Bairros de São Luís já sofrem com racionamento e falta de água nas casas.

São Luís vive o risco iminente de um colapso hídrico. As evidências já são sentidas pela população — inclusive com avisos oficiais de racionamento em razão da queda no nível do Rio Itapecuru. Mas, diante do perigo real da falta d’água, surge a pergunta: o que está sendo feito para evitar esse caos?

A questão, porém, vai muito além da estiagem ou de fatores climáticos. Na ilha, o abastecimento de água vem sendo comprometido pelo avanço desordenado da construção civil sobre as áreas verdes. O progresso indiscriminado do concreto sobre o solo impede a infiltração da água da chuva e compromete a reposição dos lençóis subterrâneos, responsáveis por abastecer boa parte da cidade.

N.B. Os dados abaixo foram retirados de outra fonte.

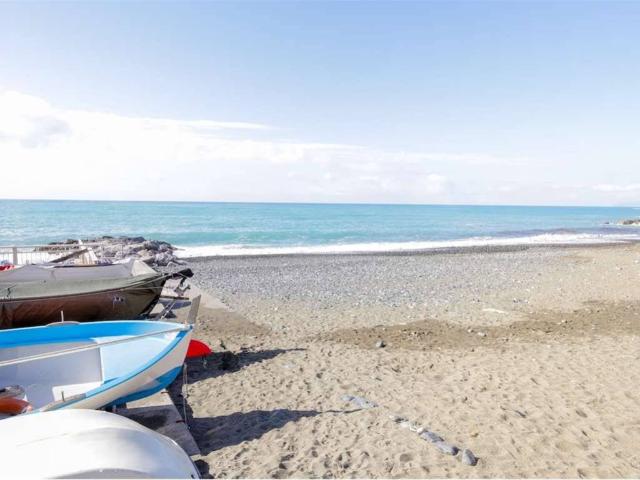 Appartamento in affitto a Cogoleto GE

Com as chamadas “áreas de recarga” cobertas por construções, estacionamentos, condomínios e ruas impermeáveis, a água escoa pela superfície e se perde no esgoto ou no mar.

O alerta sobre a situação crítica do abastecimento foi feito pela geóloga e professora da Universidade Federal do Maranhão (UFMA), Edileia Dutra Pereira. “As áreas de recarga de aquífero estão mais de 80% impermeabilizadas”, sentencia.

Os aquíferos são formações geológicas subterrâneas que armazenam água. Sem reabastecimento natural, esses reservatórios — e os poços que deles dependem — deixam de ter volume suficiente para atender à cidade. “Estamos na iminência de perdê-los”, adverte Edileia.

A pesquisadora afirma que o crescimento da construção civil sem planejamento urbano empurra a natureza ao limite. “A cidade está cheia de espaços vazios, mas o poder público segue liberando mais condomínios. Estamos ultrapassando o limite do suporte de carga da ilha”, critica. Segundo ela, o novo Plano Diretor de São Luís precisa garantir áreas permeáveis e vegetadas, condição essencial para a infiltração da água e a manutenção dos aquíferos.

A crise já atinge diversos bairros da capital maranhense — resultado de décadas de negligência ambiental, urbanização desordenada e ausência de planejamento público. “A ilha é um espaço limitado, densamente povoado, e cada pessoa consome, em média, 110 litros de água por dia. O problema é que a reposição natural dessa água não acontece mais”, explica a pesquisadora.

O que acontece no Itapecuru

De acordo com fontes oficiais, o baixo nível do Rio Itapecuru — principal fonte de abastecimento da capital — levou à adoção de racionamento na produção de água em São Luís. No entanto, segundo Edileia, a situação é agravada pela degradação do leito do rio, com desmatamento nas nascentes, avanço do agronegócio nas áreas de recarga e redução da vazão causada pelas mudanças climáticas.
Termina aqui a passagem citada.